One interesting study shows that memory is reinforced by listening to a certain sound while sleeping. It is known that slow-wave sleep, in which brain wave oscillates at slower than 1Hz (sleep slow oscillation, SO) is important in consolidating memory. When a SO wave was detected during non-REM sleep from the location of Fpz, a pink noise was played for 50ms when a positive peak of the wave just after a negative peak and the next positive peak arrived. Repeating this for several hours in the sleep lead to a meaningful increase in the recalled number of word pairs which were memorized before going to sleep.
Might we use this result for exams?
Eric Kandel, a winner of the 2000 Nobel Prize in Medicine has revealed that CBEB gene relates to long-term memory. The biggest rival is Timothy Tully at Dart neuroscience.
Timothy Tully has done research as a professor at Cold Spring Harbor Laboratory, which is famous for having produced many Nobel Prize winners. He now works as chief science officer at Dart neuroscience. The company does research and development of drugs which reinforce long-term memory.
He continues to deliver his papers, and Richard Morris at the University of Edinburgh, who is famous for his study of the hippocampus, has participated his research as one of the scientific advisory boards and a coauthor.
Eric Kandel has also founded Memory Pharmaceuticals Corp., a pharmaceutical company which focuses on long-term memory, but it seems to be closed now.
FDA has not yet approved a drug aimed to enhance memory except for those to help people with dementia or Alzheimer’s improve their cognitive ability. This would be a bottleneck at the final phase of the development of the medicine.
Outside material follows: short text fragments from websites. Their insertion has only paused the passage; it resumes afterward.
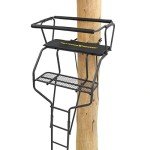 Rivers Edge 2-Man 18' Ladder Stand, Black
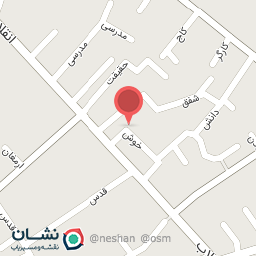 عکس پیتزا میزا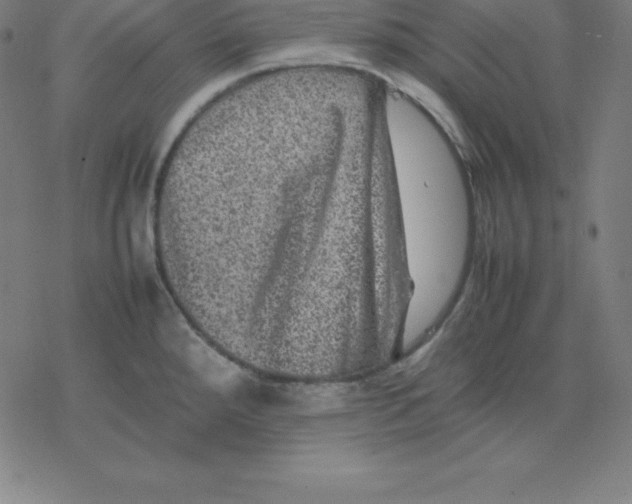 X0000077291288200611101333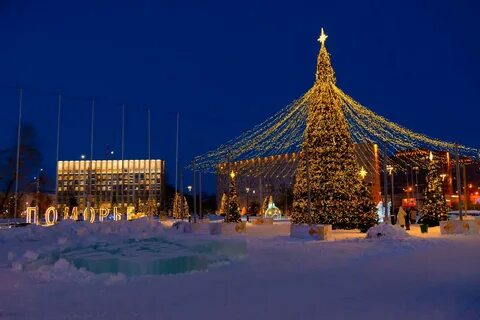 Ели архангельска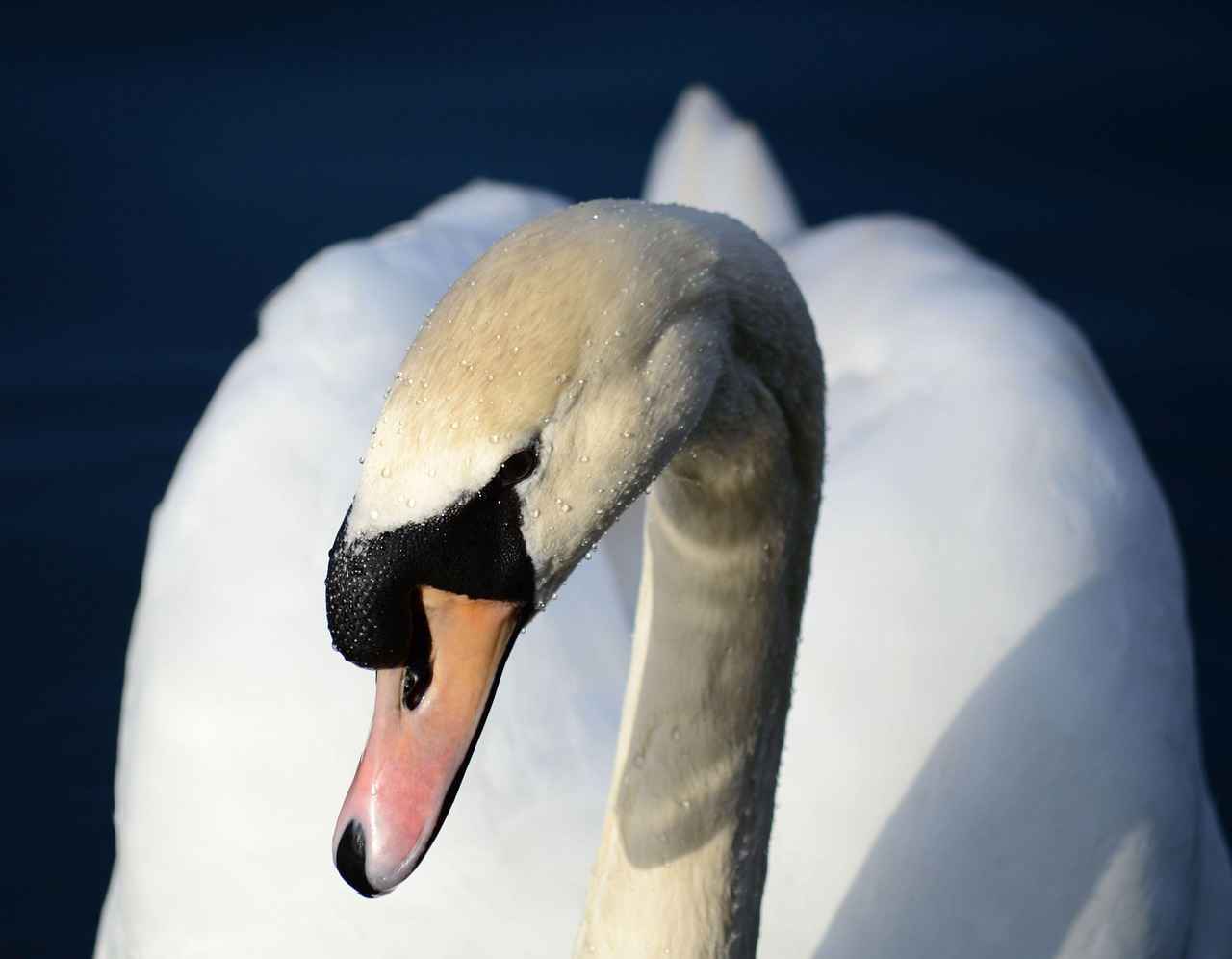 Best Smartwatches for Diving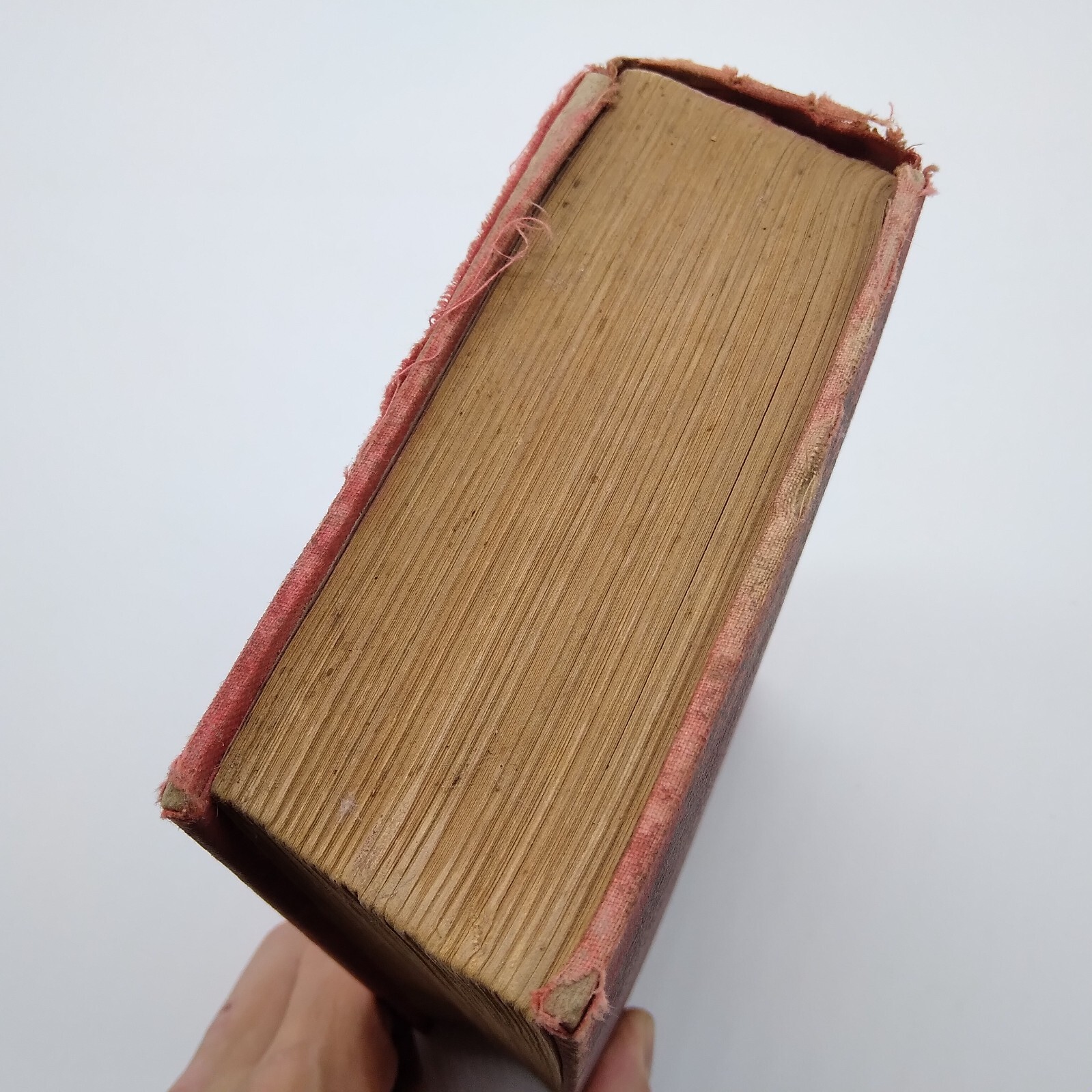 MADELINE PAYNE, THE DETECTIVES DAUGHTER by Lawrence L. Lynch 1885 HC Rare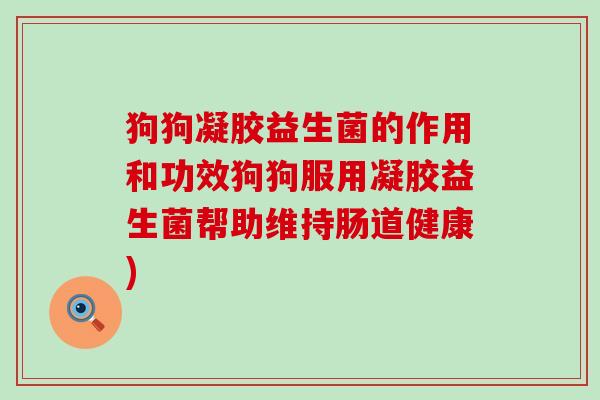 狗狗凝胶益生菌的作用和功效狗狗服用凝胶益生菌帮助维持肠道健康)
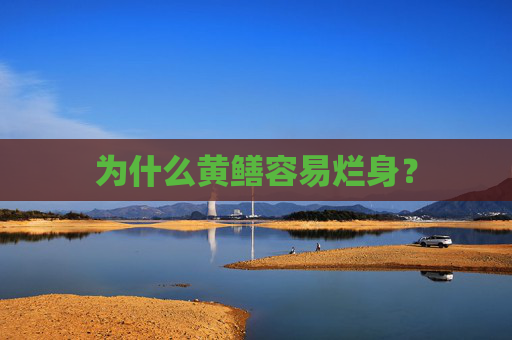 为什么黄鳝容易烂身？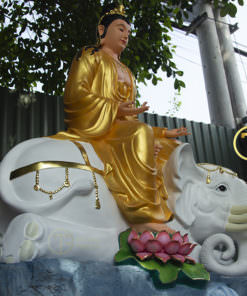 mua tuong phat pho hien bo tat dep nhat 7 1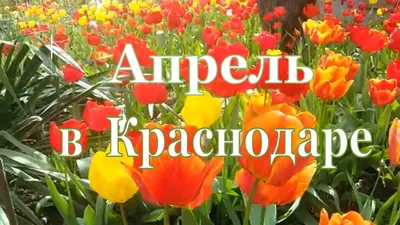 Переезд в Краснодар. Апрель в Краснодаре. Цветущий Краснодар. Природа  Кубани. Переезд на Юг. - YouTube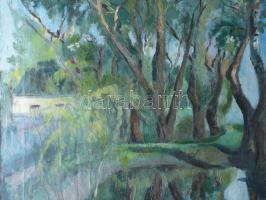 Jelzés nélkül: Erdei táj. Olaj, vászon. 76x60 cm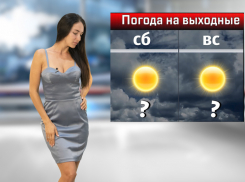 На выходных в Ростове будет жарко, а потом похолодает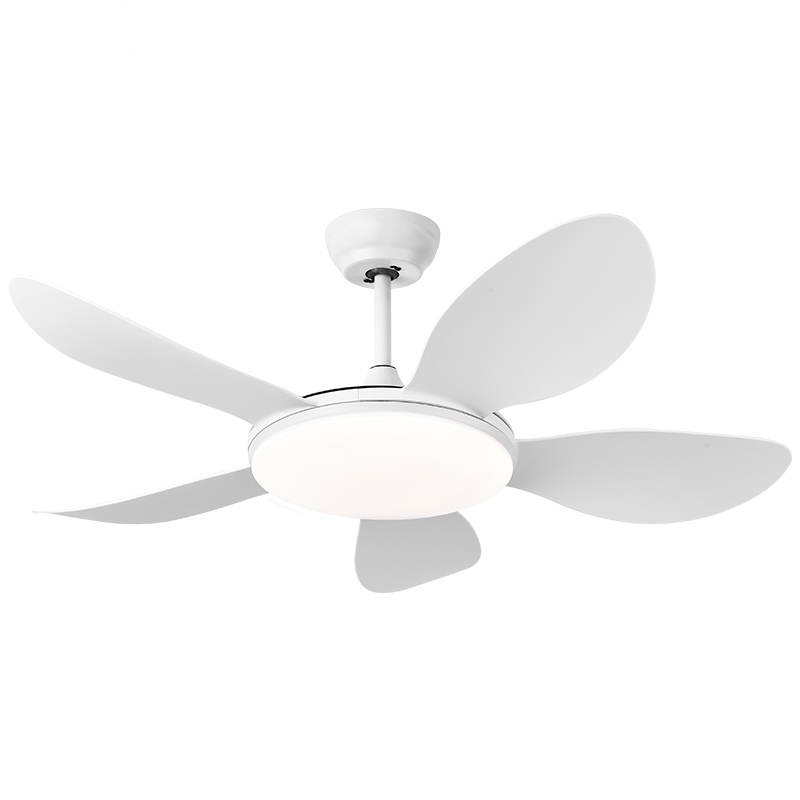 สีขาว
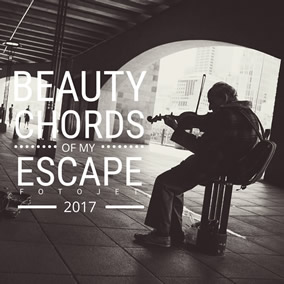Beauty escape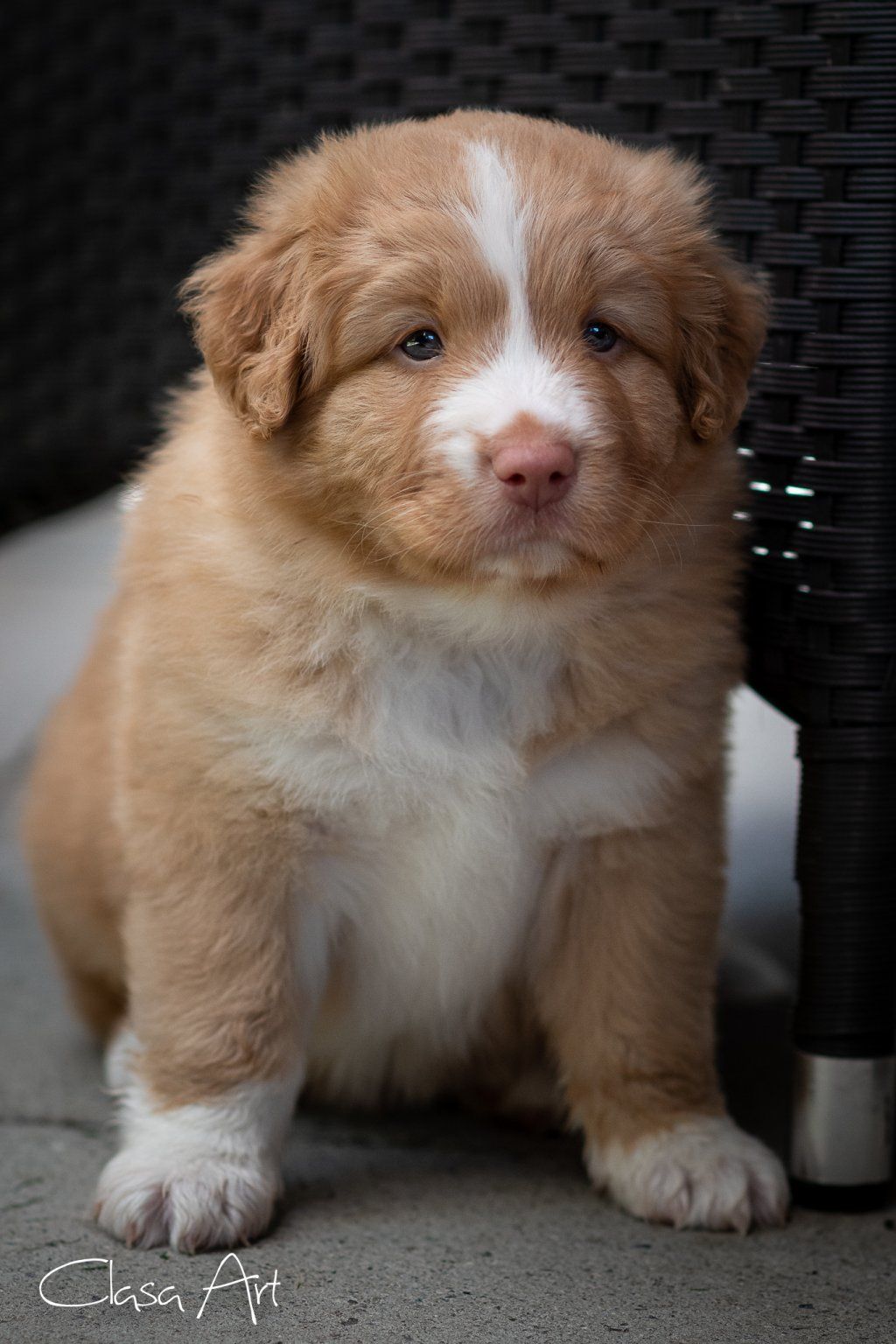 Passion And Fire NSDT Retriever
Memory or cognition is an important function for human beings and it will surely cause a big problem in an aging society, not to mention patients with dementia or Alzheimer’s disease. To solve this problem, there are many approaches, including cognitive training, electronic stimulation, drugs, neurofeedback, and BMIs. Among all of them, the greater understanding of the neuroscience of memory is highly useful.
There is also a study in which depression was treated by DecNef based on the biomarker from fMRI. If we could change the function of the brain by modulating brain activity, it may also be possible to reinforce memory function in some way.